Nota 1 Uma experiência na cozinha. Acender o fogo, preparar a comida e ligar a música. Depois ouvir a música enquanto espera a comida. O tempo do cozimento, que não é o tempo da música, transcorrendo no compasso de outro tempo. Nenhum o tempo de que precisa para que passe. Nota 2 Andou de bicicleta e esqueceu a bicicleta. Pendurou-a no gancho do estacionamento do trabalho dois dias atrás e não voltou para buscá-la. Esquecimento. Todos os dias, ao sair do jornal, pergunta ao porteiro se a bicicleta ainda está lá. É minha, diz.

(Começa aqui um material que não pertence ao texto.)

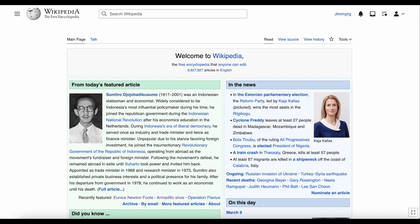Likewise there are other pages on Wikipedia, like guides, policies, templates, or user pages. These are all different to the millions of articles that make up Wikipedia's encyclopedia content.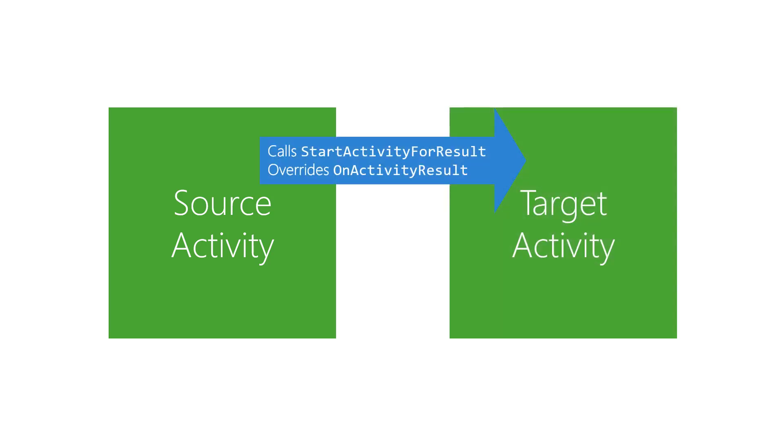In the source activity, there are two changes. It calls start activity for result instead of start activity, and it overrides an on activity result method to receive the result when the target is finished.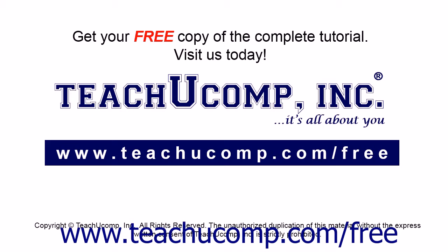Get your free copy of the complete tutorial at www.teachucomp.com/free.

Amanhã voltarei para vir pegar. Vai até o gancho. Ela ainda está lá. Depois segue a pé, novo modo de se deslocar. Andar. Estar à toa na calçada mastigando pensamentos. Nota 3 Fim de tarde. O dia consumido como num sonho, as horas sem conexão, e no entanto, uns pontos e vírgulas depois, amontoa frases e costura orações como quem entrega ao freguês um trabalho que não lhe toma nem tempo nem energia. Apura os ouvidos. Sons de pássaros, carros que voam,

Entre outras distrações

Passear o olhar, deter-se na quina do objeto, deixar-se estar no final da tarde encostado a um muro e nesse muro enxergar a planta que cresce na fresta. Fotografar a árvore que abre os tijolos sem educação, como a dizer que segue a depender unicamente do próprio gosto. Pegar a luz pela mão, uma camada oblíqua de amarelo-queimado, essa cor de lápis de pintar que desaprendemos depois a chamar pelo nome que tem. Depois acender e apagar o cigarro. O chão coalhado de goiabas amarelas que caíram do pé ainda pela manhã. Lembrar que, ainda ontem, um homem foi apanhando uma a uma, mas que hoje já estão ali aos montes. Amarelo ainda a cor favorita.